Last weekend was PAX Prime in Seattle and, despite the fact that I was working the convention, I managed to sneak away to a couple of the diversity panels (as is my wont). The first was “Women in Geek Media”, another was “We're Not NPCs: It's a (Straight White Cis) Man's World”, and the final one I made it to was “Damsels and Distress: Exploring Tropes in Gaming”. It was in this panel that the woman to which I’m referring stood up to comment. The panel of 4 white women was moderated by a latino (or hispanic?) man, and it was pretty solid. They touched on lots of interesting topics such as “where’s the line between sexy and sexist” and “what kinds of female characters would YOU like to see in games”.
After about 30-40 minutes, they opened the floor to comments and while I really do love discussing this topic, I stayed in my seat because I have a kinda rule about this sort of thing (which I’ll touch on in a minute). The second comment was an African-American woman, likely somewhere in her 20s if I had to guess, and she stole the show and garnered a huge, well-deserved round of applause. Her underlying point, to my ears was basically this:
“It’s great that we’re talking about female representation in games, but why are there only white women up there? Where are the women of color?”

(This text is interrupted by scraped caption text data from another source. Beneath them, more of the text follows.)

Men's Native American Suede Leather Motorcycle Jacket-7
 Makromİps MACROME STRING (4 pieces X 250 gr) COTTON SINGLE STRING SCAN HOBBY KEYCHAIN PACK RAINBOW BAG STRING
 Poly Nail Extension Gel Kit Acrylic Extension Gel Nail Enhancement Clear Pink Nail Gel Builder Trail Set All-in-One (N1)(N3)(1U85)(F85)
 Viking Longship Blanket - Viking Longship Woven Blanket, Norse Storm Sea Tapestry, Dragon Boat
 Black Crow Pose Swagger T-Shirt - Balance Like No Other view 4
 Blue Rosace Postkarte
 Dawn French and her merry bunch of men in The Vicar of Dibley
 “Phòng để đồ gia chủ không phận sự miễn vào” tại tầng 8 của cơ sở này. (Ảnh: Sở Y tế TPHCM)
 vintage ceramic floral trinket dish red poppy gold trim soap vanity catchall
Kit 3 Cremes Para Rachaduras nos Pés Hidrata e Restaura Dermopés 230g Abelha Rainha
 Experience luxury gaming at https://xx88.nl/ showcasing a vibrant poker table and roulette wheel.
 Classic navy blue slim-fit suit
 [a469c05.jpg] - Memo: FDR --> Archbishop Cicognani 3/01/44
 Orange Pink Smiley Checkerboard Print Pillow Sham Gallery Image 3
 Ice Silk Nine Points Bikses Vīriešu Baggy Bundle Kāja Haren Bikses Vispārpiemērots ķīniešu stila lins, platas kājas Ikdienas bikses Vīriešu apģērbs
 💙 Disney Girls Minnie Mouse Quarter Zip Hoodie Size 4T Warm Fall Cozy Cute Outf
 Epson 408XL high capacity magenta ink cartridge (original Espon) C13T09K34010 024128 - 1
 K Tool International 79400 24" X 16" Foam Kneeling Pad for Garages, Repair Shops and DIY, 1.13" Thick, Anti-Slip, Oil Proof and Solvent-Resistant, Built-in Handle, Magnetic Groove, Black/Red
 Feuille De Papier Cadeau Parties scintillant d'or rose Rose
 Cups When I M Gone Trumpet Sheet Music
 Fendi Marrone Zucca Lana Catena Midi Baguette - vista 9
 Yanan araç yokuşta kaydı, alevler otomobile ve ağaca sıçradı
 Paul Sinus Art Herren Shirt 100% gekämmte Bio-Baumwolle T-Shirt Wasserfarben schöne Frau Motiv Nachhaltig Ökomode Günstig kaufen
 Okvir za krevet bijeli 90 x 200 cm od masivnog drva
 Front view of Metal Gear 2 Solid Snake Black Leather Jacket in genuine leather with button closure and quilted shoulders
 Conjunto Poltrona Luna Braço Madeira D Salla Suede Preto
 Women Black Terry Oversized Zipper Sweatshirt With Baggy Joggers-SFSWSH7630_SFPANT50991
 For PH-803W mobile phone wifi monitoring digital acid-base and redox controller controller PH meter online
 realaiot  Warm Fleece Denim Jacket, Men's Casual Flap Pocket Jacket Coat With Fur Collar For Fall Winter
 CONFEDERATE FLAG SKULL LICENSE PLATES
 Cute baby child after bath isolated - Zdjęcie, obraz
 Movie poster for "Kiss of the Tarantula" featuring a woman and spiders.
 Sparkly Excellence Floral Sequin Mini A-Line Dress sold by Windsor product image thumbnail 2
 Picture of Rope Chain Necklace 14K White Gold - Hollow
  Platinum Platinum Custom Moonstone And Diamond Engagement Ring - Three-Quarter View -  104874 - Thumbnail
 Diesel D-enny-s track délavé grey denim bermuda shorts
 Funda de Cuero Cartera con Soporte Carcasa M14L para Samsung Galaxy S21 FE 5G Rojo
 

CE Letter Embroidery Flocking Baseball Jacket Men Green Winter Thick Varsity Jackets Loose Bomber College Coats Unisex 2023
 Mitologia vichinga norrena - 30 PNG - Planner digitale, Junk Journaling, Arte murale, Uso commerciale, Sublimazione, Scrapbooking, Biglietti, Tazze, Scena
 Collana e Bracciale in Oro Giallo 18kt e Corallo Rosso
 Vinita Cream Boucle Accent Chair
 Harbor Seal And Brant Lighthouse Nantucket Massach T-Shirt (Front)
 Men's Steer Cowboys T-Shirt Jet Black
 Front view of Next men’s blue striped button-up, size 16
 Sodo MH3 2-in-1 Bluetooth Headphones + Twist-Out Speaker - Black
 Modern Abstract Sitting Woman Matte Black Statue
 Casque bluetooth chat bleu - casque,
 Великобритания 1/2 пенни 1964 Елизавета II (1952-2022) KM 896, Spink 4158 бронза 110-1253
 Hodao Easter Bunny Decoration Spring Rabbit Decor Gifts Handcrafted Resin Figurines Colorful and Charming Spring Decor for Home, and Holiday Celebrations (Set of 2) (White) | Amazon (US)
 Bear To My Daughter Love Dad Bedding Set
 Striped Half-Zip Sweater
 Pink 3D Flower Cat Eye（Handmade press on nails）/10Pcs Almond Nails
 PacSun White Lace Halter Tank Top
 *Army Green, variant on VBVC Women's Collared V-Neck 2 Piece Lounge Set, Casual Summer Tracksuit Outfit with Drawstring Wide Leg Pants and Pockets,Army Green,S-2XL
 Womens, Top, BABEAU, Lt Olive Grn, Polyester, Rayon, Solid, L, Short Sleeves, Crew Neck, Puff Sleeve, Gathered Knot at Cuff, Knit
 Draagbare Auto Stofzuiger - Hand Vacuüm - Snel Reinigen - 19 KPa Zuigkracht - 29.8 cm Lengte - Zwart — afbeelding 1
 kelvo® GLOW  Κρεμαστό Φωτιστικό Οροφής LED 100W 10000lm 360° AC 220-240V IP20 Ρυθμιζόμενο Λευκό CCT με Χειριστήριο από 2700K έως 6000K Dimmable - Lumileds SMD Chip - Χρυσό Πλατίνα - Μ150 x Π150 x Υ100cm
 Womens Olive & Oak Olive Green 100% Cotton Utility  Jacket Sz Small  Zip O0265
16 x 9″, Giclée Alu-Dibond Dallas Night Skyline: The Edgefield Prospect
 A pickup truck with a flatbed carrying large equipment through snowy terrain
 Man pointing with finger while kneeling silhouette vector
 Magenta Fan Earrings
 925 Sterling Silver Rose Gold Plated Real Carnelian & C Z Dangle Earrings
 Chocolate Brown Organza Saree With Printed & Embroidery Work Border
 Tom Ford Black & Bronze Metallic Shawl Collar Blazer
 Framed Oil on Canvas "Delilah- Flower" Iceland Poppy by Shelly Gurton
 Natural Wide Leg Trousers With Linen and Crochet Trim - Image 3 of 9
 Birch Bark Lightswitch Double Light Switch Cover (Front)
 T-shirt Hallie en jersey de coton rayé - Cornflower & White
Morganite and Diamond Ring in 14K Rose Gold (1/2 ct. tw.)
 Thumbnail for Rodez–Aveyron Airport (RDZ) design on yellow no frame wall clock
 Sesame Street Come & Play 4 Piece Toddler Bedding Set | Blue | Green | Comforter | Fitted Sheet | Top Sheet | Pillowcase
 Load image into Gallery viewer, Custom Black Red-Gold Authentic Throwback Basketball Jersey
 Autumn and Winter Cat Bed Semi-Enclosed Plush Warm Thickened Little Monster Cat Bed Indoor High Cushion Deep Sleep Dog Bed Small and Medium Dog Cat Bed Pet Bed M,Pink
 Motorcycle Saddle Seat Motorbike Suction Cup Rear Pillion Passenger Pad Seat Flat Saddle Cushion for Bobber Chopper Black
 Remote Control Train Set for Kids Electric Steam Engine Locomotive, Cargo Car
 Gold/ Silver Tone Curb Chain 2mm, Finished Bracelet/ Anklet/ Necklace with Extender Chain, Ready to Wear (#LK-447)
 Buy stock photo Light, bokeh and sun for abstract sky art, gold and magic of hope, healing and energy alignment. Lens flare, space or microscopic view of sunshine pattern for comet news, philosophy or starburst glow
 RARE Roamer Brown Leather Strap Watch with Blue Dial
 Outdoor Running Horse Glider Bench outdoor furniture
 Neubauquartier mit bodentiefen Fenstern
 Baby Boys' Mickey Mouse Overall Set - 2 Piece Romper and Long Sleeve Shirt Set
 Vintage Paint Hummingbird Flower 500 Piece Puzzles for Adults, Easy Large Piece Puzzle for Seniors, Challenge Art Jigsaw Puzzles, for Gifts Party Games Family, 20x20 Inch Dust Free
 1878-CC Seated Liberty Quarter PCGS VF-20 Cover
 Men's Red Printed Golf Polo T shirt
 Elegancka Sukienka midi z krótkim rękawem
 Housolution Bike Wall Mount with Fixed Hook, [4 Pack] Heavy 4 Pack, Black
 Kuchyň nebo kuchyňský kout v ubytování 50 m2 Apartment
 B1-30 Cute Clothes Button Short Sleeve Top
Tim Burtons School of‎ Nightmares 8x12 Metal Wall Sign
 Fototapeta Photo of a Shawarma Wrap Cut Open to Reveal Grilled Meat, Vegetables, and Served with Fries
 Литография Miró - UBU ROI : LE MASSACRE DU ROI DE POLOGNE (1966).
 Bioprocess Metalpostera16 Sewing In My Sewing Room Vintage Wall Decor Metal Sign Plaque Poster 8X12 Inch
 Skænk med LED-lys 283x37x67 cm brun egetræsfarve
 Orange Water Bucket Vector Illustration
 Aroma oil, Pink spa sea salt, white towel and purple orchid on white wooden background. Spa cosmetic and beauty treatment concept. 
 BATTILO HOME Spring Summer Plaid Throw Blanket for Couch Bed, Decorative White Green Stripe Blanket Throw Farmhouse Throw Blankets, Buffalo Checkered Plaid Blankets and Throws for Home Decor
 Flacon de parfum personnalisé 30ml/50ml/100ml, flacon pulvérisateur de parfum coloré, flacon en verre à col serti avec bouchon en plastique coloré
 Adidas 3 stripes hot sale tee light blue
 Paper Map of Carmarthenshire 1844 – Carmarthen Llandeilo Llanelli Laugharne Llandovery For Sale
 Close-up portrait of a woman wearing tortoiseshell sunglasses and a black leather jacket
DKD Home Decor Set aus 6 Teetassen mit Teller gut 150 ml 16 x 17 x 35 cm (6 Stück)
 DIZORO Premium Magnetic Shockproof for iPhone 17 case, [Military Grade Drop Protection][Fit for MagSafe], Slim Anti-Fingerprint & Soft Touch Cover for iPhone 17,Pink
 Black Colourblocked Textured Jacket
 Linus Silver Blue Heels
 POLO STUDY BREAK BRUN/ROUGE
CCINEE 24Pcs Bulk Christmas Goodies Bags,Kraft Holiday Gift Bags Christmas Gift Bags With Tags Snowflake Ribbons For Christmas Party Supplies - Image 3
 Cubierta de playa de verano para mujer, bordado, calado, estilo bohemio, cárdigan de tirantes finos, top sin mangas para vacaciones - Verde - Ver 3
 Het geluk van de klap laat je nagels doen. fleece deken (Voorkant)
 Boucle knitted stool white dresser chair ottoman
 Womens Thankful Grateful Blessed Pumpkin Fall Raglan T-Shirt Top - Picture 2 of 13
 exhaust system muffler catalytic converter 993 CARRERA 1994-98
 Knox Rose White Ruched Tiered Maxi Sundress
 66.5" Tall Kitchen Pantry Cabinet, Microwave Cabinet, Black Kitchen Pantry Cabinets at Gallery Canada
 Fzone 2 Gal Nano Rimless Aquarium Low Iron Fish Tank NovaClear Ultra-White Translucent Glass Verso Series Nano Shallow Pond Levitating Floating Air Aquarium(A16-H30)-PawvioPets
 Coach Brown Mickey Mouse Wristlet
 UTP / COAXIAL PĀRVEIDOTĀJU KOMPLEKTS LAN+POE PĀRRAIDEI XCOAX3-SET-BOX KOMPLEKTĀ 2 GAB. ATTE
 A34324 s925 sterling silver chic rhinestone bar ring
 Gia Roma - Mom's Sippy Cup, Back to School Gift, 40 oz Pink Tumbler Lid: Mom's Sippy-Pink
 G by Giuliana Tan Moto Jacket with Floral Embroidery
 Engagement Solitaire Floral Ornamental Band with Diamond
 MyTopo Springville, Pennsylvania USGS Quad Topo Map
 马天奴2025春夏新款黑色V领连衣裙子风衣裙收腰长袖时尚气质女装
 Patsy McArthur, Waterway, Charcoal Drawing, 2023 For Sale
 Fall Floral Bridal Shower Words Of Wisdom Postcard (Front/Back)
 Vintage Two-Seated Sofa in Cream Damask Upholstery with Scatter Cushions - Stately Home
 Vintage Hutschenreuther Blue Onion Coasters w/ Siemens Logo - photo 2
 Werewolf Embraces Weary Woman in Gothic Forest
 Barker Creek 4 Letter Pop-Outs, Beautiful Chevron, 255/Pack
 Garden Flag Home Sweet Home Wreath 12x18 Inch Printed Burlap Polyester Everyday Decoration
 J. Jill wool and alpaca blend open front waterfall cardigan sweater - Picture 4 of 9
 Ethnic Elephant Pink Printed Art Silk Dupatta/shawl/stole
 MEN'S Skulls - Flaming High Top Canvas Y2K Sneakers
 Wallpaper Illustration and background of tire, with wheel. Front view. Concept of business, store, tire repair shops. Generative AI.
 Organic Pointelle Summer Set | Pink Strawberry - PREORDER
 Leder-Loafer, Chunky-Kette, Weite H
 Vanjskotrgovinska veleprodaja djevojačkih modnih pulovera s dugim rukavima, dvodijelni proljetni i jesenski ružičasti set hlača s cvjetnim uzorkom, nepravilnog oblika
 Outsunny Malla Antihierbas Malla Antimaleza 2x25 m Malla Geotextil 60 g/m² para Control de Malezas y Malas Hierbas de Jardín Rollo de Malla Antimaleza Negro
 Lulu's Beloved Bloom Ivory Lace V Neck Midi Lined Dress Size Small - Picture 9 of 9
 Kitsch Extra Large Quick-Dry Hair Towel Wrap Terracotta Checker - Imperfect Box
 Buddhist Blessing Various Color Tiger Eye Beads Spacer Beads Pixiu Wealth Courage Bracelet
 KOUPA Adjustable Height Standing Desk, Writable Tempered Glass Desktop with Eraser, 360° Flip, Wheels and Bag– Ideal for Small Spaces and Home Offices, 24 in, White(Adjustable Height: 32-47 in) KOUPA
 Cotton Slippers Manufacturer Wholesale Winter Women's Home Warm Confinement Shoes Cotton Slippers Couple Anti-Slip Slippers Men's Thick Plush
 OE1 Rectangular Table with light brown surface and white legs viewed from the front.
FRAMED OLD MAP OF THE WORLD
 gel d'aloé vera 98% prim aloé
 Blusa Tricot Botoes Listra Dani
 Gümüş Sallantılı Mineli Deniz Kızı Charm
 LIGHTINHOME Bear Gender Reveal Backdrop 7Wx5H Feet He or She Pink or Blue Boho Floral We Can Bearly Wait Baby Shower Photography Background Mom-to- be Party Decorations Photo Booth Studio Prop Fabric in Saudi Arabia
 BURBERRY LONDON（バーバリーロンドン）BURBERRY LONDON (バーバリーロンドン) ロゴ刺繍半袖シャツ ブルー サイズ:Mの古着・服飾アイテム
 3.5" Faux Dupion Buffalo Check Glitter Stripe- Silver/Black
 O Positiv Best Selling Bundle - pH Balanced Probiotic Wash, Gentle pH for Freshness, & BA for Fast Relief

The panelists took it in stride, and admitted that we all need to do better when putting these sorts of panels together but I wanted to amplify not so much what she said, but the fact that she stood up and said it. I would have said it right then and there but as I mentioned, I have this rule.
You see, as the quintessential “cis white male”, I have decided that my role at any panel like this is simple - show up, sit down, shut up, and listen. I really enjoy grappling with these discussions because I think it’s important. 1-on-1, I’ll talk for days about sexual politics, gender diversity, gay marriage or whatever. But at public sessions like this I’ve realized one simple truth - every second that I, or someone like me is speaking is a second that someone like this woman isn’t. And we need need more people like her standing up and speaking (and dare I say, less people like me).
My rule keeps me from speaking in these panels but, but that’s not till step 3. Step 1 is show up. I show up not only because I want to learn, and in doing so become better at life/games/etc, but also because I want the attendance of these panels to reflect that there are white dudes who care about this issue. I want to help build a games industry where EVERY voice has a seat at the table, not one where there’s a “white dude table” and an “everybody else” table. I want to do this, because it will make our industry better. It will make our art better.
She made several other great points about representation (for instance, the difficulty of “owning your sexuality” when black women are already represented as overtly sexual in very different ways than white women). Then at one point she asked “what do we need to do to have this conversation?” (meaning, to have more diverse representation on these sorts of panels.) I unfortunately didn’t get her name, but I hope in some way this finds it’s way back to her because the answer is simple -
Keep Standing Up!
And next year, make a panel of your own! I promise I will be there, and I promise to shut up and listen.